A descriptive technique of association analysis for use in business data analytics.
Market basket analysis is a derivation of association analysis, where businesses analyse volumes of customer transaction data to understand their purchasing behaviour. This information is beneficial in supporting operations such as marketing promotions, product placement, inventory handling and customer relationship management. [1],[2] Online businesses also leverage this information to carry out cross-selling (selling related or complementary products together), product recommendations and checkout/point-of-sale offers, and post-purchase marketing, all in real time. [3]
Association analysis on the other hand, involves determining hidden patterns within a dataset and measuring their strengths. [3] These relationships are represented as association rules, such as: {Sunflower Oil} -> {Salt}
, which suggests that based on past transactions, if sunflower oil is found first in a customer’s ‘basket’ (antecedent), there is a chance that salt exists within the same basket (consequent).[4] Rules do not venture into the transaction history of individual customers, but solely focus on the items within each transaction whether they are purchased by a repeat customer or not. The former is applied in collaborative filtering, which is largely implemented in recommendation systems. [4],[5]
To measure the strength of generated rules, different metrics are applied to the itemset, i.e., list of all items within an association rule. Two popular measures are support and confidence, where support, as demonstrated in equation 1, measures the frequency of an occurrence of an itemset in the set of transactions. [3] Itemsets with high support values are considered more for analysis than those with low support, as they hint at products that are more frequently purchased and thus require active promotion. [2] Confidence, whereas defines the likelihood of the occurrence of the consequent in a rule given the set of antecedents, as illustrated in equation 2. [4] A higher value implies the rule to be more reliable.

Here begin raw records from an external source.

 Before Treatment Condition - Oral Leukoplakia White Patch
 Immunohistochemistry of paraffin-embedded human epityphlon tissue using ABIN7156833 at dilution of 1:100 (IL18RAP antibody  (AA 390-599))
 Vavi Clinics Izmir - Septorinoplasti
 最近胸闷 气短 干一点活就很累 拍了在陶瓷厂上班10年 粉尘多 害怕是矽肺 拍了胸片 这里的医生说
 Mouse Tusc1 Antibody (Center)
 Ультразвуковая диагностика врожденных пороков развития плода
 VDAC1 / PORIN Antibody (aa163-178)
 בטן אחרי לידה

\[ \small \textit{Equation 1: Support Metric }\\ \small Support({Detergent}→{Bleach}) = \frac{P(Detergent \bigcup Bleach)}{N} \text{; where N = number of all transactions} \\~\\ \small \textit{Equation 2: Confidence Metric }\\ \small Confidence({Detergent}→{Bleach}) = \frac{Support(Detergent \bigcup Bleach)}{Support(Detergent)} \] The Apriori algorithm is widely used in association rule mining; where besides analysis of retail transactions, it is also applied in areas such as Web mining in the analysing online clickstream data across web pages and healthcare to determine frequently occurring diseases within a particular area. [6],[2] Despite this method being suitable for market basket analysis, it has its drawbacks in that the Apriori algorithm can be computationally expensive to discover patterns in a large dataset, leading to generation of insignificant rules. [7] Nevertheless, improvements to the algorithm [8] and other techniques such as time series clustering [7] and UniqAR algorithm [9] have been developed to bridge these gaps.

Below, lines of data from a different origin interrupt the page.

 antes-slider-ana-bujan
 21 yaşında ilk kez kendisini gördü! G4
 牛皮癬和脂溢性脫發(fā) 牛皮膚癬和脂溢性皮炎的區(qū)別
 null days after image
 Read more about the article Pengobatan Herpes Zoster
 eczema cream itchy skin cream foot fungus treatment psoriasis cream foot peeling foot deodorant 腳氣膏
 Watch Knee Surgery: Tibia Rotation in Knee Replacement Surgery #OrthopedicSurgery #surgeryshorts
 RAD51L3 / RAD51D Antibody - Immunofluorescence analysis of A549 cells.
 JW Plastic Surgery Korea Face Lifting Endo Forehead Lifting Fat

The following is a demonstration of association rule mining using the Apriori algorithm for market basket analysis, where the objectives are to discover the most purchased products and product combinations from a dataset of purchases made at a grocery store between January 2014 and December 2015. [10], [11], [12], [13]
For this project, we’ll work with these libraries:
install.packages('arules' , repos = "http://cran.us.r-project.org")

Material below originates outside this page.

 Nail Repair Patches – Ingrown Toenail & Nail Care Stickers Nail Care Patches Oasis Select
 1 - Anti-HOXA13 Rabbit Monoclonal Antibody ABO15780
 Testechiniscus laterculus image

install.packages('arulesViz', repos = "http://cran.us.r-project.org")
install.packages('ggplot2', repos = "http://cran.us.r-project.org")
install.packages('plyr', repos = "http://cran.us.r-project.org")
install.packages('dplyr', repos = "http://cran.us.r-project.org")
Rows: 38,765
Columns: 3
$ Member_number <int> 1808, 2552, 2300, 1187, 3037, 4941, 4501, 38…
$ Date <chr> "21-07-2015", "05-01-2015", "19-09-2015", "1…
$ itemDescription <chr> "tropical fruit", "whole milk", "pip fruit",…
These are the first 5 transactions in the dataset ordered randomly, containing the customer number, date of purchase and description of item bought.
There’s no need to resolve missing values since all attributes are complete. (refer to data card on Kaggle)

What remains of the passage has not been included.